Major William Guest MBE
- Born: William Guest 20 October 1903 Hemsworth, West Yorkshire
- Died: 7 June 1991 (aged 87) Wakefield
- School: QEGS Wakefield
- University: Oxford University
- Occupation: Manufacturing confectioners agent

Rugby union career
- Position: Fullback

Amateur team(s)
- Years: Team / Apps / (Points)
- South Elmsall RFC
- –: Wakefield RFC
- –: Yorkshire

= William Guest (rugby union) =

English rugby union player

William Guest MBE (1903–1991) was a rugby player for Wakefield RFC, a major in the Territorial Army and was awarded the MBE for services to Army sport.

William Guest was from Ackworth, near Wakefield and educated at QEGS Wakefield from 1913 to 1921.

He played for the school team and captained it during the 1921/22 season with a playing record of 18 wins in 22 games.
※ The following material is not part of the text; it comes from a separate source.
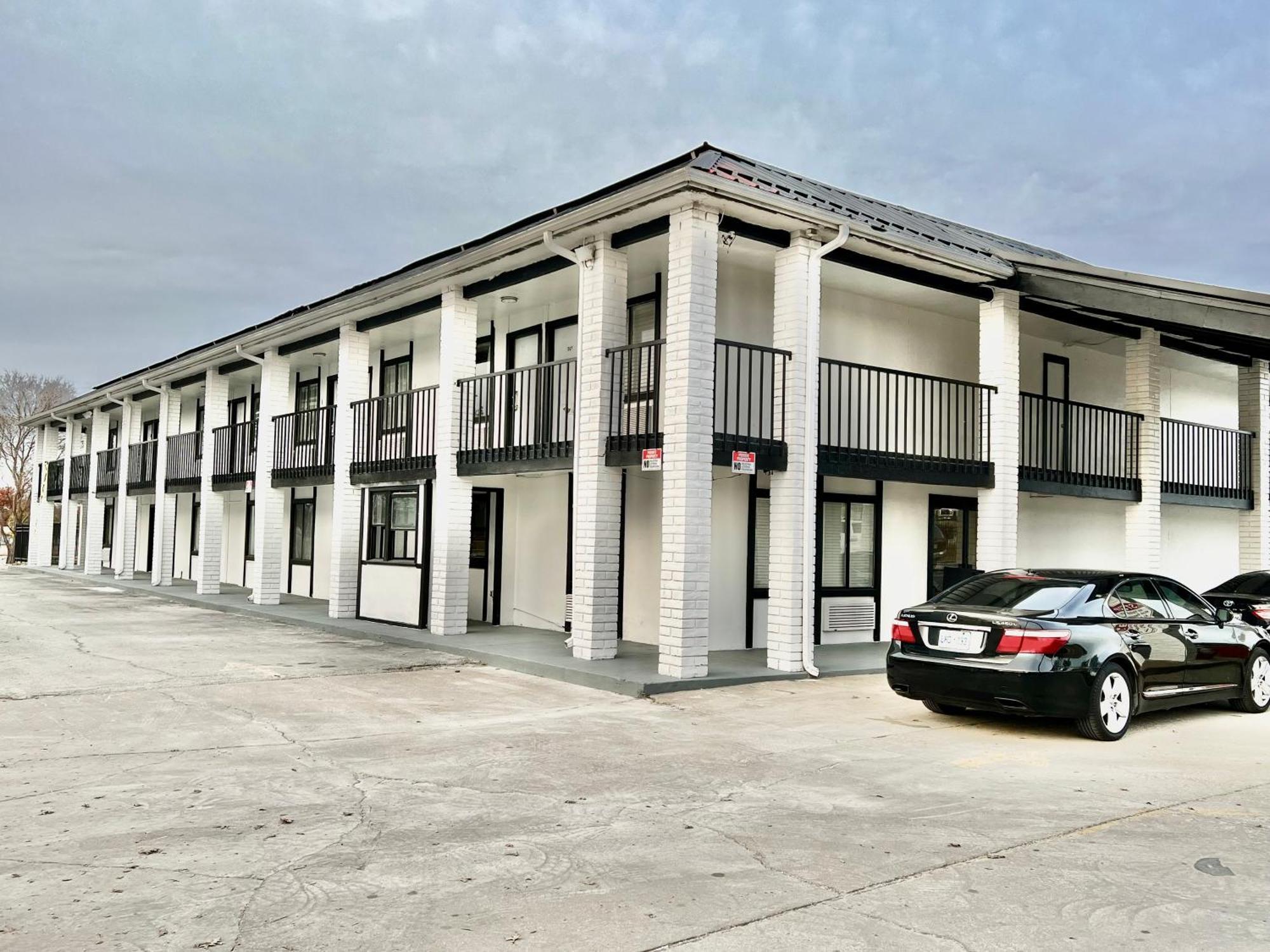 Economy Inn And Suites Tulsa Ngoại thất bức ảnh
The QEGS 1874–1987 A history of school rugby booklet described him
"His experience of many seasons at full back has made him a most useful kick and his tackling has always been most fearless. Playing at three-quarter this season and although his passing has at times been erratic, his grit and determination has been invaluable. Fearless as a player and as a captain. Has developed that frequently neglected or over looked factor of success, the morale of the side. He has proved himself a real leader and captain of the most successful fifteen the school has had for many years"

He also played for South Elmsall RFC before joining Wakefield RFC in 1923 until his retirement through injury in 1939, playing in 372 games – the fourth highest number of games for the club. He was captain of Wakefield between 1928 and 1936 (two spells), Honorary secretary between 1933 and 1939 and club president between 1980 and 1989. He also held posts at Wakefield Sports Club limited and remained active at the rugby club until his death. His contribution to the club was described in Wakefield Rugby Football Club—1901–2001 A Centenary History book as "probably unsurpassed".

He also represented Yorkshire 22 times between 1922 and 1928 and was in the county team that won the County Championship by beating Cornwall at Bradford in 1928.

In 1940 he was called up as a member of the Army Officer's Emergency Reserve to the 6th Gordon Highlanders and served throughout the war in North Africa, Italy and the Far East, where he served with the Special Operations Executive (SOE). He served for a time as a staff officer and left with the rank of major.

In 1946 he joined the TA when it was reformed and received a commission in the King's Own Yorkshire Light Infantry, transferring in 1954 to the Army Cadet Force.

In January 1971 he was awarded the MBE for his work as County Sports officer for the Army Cadet Force.

He was a manufacturing confectioners agent.